| ||||||||||||
Have you had your media distraction today -- if you dare?
Fox News Channel has made a meal of its recent sparring with the White House. Fox commentators and others have said the White House should be talking about more important things. According to reports, there is even a Fox News promo about this issue.
Maybe the White House is to blame; maybe Fox News as well. All of it is a waste of our time.
ABC says it is going to air a new reality show called "Obese," taking NBC's "The Biggest Loser" to another level by focusing each episode on a different person's year-long weight-loss journey. NBC is already doing a spin-off of "Loser" with one of the show's trainers, Jillian Michaels.
All this seems like more distractions. Aren't there other kinds of TV shows to consider -- like another new crime procedure or medical drama? (I'm short in this area.
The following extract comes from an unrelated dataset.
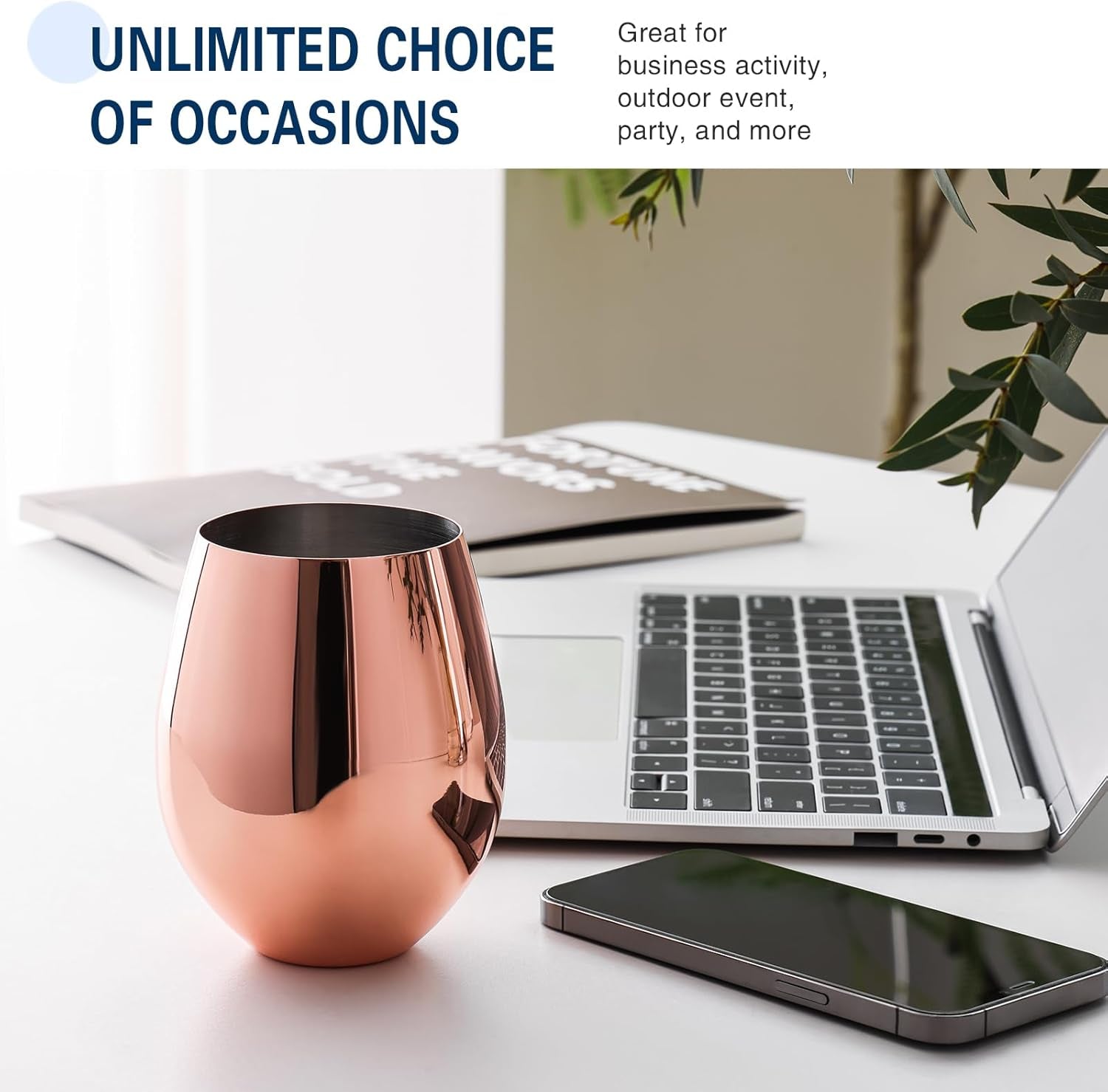 Rose Gold Wine Glasses Set of 4, 18Oz Copper Wine Glasses, Stemless Stainless Steel Wine Glasses, Unbreakable Metal Wine Glass for Outdoor, Travel, Camping, Ideal Wine Accessories Gift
I'll check my DVR.)
We are driven to media distraction -- most times because content creators think we are bored. Thus the rise of texting while driving.
This is a serious concern, so much so that Verizon Wireless has started an advertising campaign telling mobile users to stop the practice, to keep their thumbs on the steering wheel, or their XM Satellite Radio, or that latte.
New digital outdoor billboards seem to be adding to the distraction chain, no doubt interrupting those who are texting in moving vehicles at 70 mph. The analog job of driving? Oh, that's way down the list now.
Multitasking seems to be the rage -- or the problem. Turns out multitasking people seem to perform all their chores poorly.
If everyone regularly multitasks media and/or daily errands poorly, it surely doesn't make sense to distract them with irrelevant content.
Think before you create content. One's life and slowly scrambling, media-oriented mind may depend on it.




I think you've got your cause and effect confused. Our insatiable appetite for distraction notwithstanding, content doesn't, and can't controld anybody, because in an on-demand world, we "choose" our distractions. Case in point, online advertising CTRs of less than .1% and the growing preference for time-shifted TV viewing.
The fact that the vast majority of what's out there is mindless drivel has nothing to do with our insatiable appetite for distraction and/or media's addictive forces, and to suggest that somehow we're being force fed anything is like blaming McDonald's for a weight problem.
Furthermore, a quick look at current prime time TV ratings would suggest that not everybody is so easily seduced by mere distraction.